Exercise objective →
Make an exact copy of all the records.

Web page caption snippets
-------
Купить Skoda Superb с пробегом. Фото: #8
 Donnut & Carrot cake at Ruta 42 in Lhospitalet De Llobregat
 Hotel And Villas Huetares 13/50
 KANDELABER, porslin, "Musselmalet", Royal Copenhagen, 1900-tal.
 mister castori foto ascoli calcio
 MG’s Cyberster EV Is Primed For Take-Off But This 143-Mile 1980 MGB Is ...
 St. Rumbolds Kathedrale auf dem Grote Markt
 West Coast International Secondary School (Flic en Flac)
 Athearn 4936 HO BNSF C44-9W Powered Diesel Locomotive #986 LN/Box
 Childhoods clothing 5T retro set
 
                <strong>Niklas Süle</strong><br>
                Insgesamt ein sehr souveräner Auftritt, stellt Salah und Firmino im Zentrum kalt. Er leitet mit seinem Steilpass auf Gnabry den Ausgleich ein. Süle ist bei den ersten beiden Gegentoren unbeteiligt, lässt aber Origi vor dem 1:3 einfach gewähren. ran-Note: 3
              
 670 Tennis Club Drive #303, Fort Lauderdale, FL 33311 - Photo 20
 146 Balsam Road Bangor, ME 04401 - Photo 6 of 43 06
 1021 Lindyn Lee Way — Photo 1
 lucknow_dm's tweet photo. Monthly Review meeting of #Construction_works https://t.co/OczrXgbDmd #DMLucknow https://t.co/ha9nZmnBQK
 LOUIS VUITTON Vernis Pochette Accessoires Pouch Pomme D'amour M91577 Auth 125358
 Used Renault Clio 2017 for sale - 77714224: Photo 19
-------
Answer →
Купить Skoda Superb с пробегом. Фото: #8
 Donnut & Carrot cake at Ruta 42 in Lhospitalet De Llobregat
 Hotel And Villas Huetares 13/50
 KANDELABER, porslin, "Musselmalet", Royal Copenhagen, 1900-tal.
 mister castori foto ascoli calcio
 MG’s Cyberster EV Is Primed For Take-Off But This 143-Mile 1980 MGB Is ...
 St. Rumbolds Kathedrale auf dem Grote Markt
 West Coast International Secondary School (Flic en Flac)
 Athearn 4936 HO BNSF C44-9W Powered Diesel Locomotive #986 LN/Box
 Childhoods clothing 5T retro set
 
                <strong>Niklas Süle</strong><br>
                Insgesamt ein sehr souveräner Auftritt, stellt Salah und Firmino im Zentrum kalt. Er leitet mit seinem Steilpass auf Gnabry den Ausgleich ein. Süle ist bei den ersten beiden Gegentoren unbeteiligt, lässt aber Origi vor dem 1:3 einfach gewähren. ran-Note: 3
              
 670 Tennis Club Drive #303, Fort Lauderdale, FL 33311 - Photo 20
 146 Balsam Road Bangor, ME 04401 - Photo 6 of 43 06
 1021 Lindyn Lee Way — Photo 1
 lucknow_dm's tweet photo. Monthly Review meeting of #Construction_works https://t.co/OczrXgbDmd #DMLucknow https://t.co/ha9nZmnBQK
 LOUIS VUITTON Vernis Pochette Accessoires Pouch Pomme D'amour M91577 Auth 125358
 Used Renault Clio 2017 for sale - 77714224: Photo 19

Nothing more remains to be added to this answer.